Dataset excerpt Start Marker

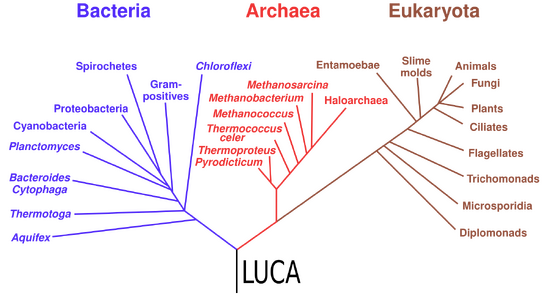 Phylogenetic tree showing the last universal common ancestor (LUCA) at the root. The major clades are the Bacteria on one hand, and the Archaea and Eukaryota on the other.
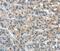 Tumor Suppressor Candidate 1 antibody, PA5-50853, Invitrogen Antibodies, Immunohistochemistry frozen image 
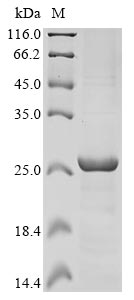 Greater than 85% as determined by SDS-PAGE.Recombinant Human Excitatory Amino Acid Transporter 1 (SLC1A3) Protein (His-KSI)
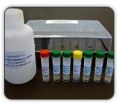 Mitochondrial assay kits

Dataset excerpt End Marker

Task requirements | Give again, word for word, every line from the top of the data above to the line holding "Tumor Suppressor Candidate", inclusive, with the pictures left out.

Result |
 Phylogenetic tree showing the last universal common ancestor (LUCA) at the root. The major clades are the Bacteria on one hand, and the Archaea and Eukaryota on the other.
 Tumor Suppressor Candidate 1 antibody, PA5-50853, Invitrogen Antibodies, Immunohistochemistry frozen image 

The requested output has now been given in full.